== ACTIVITY ==
Where does "Furniture" appear in the data? Return each line that holds it.

== SUPPLIED MATERIAL ==
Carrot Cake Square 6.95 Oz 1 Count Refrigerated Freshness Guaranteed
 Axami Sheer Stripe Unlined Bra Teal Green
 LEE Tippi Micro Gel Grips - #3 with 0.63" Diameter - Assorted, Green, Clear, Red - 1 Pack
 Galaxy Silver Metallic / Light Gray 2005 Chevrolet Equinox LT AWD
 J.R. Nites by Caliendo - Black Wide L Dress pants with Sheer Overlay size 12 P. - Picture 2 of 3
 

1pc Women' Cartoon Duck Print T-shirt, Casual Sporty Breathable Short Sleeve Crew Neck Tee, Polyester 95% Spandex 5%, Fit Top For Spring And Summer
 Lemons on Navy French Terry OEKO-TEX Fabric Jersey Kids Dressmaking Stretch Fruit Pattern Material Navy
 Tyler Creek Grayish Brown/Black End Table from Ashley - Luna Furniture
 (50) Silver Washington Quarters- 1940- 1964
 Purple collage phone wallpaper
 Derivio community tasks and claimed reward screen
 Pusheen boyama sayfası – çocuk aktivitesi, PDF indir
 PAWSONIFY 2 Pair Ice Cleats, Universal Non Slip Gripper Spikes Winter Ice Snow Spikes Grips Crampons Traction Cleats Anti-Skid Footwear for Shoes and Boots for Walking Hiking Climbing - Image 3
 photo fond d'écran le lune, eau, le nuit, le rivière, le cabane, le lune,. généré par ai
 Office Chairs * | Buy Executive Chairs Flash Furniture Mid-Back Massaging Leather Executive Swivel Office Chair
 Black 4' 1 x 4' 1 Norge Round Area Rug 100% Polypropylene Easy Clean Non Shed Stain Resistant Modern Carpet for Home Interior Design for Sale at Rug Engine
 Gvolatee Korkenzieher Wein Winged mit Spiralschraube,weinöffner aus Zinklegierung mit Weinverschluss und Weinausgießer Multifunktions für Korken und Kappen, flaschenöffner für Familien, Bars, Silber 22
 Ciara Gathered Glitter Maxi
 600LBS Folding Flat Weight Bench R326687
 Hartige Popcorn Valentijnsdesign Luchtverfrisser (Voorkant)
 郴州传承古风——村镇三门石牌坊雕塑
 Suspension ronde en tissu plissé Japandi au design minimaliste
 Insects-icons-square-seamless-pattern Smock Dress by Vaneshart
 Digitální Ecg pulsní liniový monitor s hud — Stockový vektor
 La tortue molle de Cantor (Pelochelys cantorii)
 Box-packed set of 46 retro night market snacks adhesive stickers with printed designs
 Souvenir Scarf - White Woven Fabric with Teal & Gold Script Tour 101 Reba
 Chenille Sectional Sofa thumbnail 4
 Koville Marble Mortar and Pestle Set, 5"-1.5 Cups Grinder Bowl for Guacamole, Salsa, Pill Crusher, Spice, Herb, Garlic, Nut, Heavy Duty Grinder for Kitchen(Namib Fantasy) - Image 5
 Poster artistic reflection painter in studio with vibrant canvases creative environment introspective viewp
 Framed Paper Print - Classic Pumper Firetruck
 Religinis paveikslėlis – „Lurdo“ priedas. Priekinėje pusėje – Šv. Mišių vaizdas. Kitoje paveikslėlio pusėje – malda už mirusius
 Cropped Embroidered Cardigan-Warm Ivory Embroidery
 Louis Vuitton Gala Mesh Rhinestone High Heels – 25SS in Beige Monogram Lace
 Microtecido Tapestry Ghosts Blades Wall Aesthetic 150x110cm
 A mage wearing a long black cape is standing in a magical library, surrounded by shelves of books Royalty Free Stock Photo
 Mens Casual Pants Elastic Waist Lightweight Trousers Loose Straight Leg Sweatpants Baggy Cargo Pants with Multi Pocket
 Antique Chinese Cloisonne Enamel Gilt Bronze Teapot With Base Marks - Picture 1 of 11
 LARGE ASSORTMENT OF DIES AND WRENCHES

== RESPONSE TO THE EXERCISE ==
 Tyler Creek Grayish Brown/Black End Table from Ashley - Luna Furniture
 Office Chairs * | Buy Executive Chairs Flash Furniture Mid-Back Massaging Leather Executive Swivel Office Chair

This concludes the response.